Breach of orders and offencesS

66Absconding from quarantineS

(1)Where a person who is subject to a quarantine order breaches that order by absconding—

(a)while being removed to the place at which that person is to be quarantined; or

(b)from that place,

that person is liable to be taken into custody by a person mentioned in subsection (2) and detained in accordance with subsections (3) and (4).

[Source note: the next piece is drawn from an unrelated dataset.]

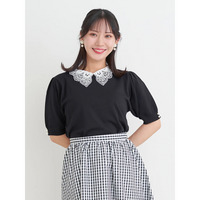 【抗ピル】リネンライクレース襟ニットトップス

(2)The persons who may take a quarantined person into custody are—

(a)a constable;

(b)an officer of a health board;

(c)an officer of a local authority.

(3)The quarantined person may be detained in—

(a)a hospital; or

(b)any other place.

(4)The period for which the quarantined person may be detained by virtue of subsection (1) is the period or, as the case may be, the remainder of the period for which the quarantine of that person is authorised.

(5)In calculating the period mentioned in subsection (4), the period beginning when the quarantined person absconded and ending when that person is detained in accordance with subsection (1) is to be left out of account.

(6)A person who may take a quarantined person into custody may enter any premises in which the quarantined person is present.

(7)The power of entry in subsection (6)—

(a)may be exercised at any time; and

(b)includes power to use reasonable force.

(8)A person who is taken into custody under this section and who absconds remains liable to be taken into custody under and detained in accordance with this section.

(9)Notwithstanding the detention of a quarantined person in accordance with subsections (3) and (4), the health board may apply under section 49(2) for an extension of the quarantine order; and, where such an extension is granted, the quarantined person may be removed by a person mentioned in section 40(4) to the place in which the person is to be quarantined.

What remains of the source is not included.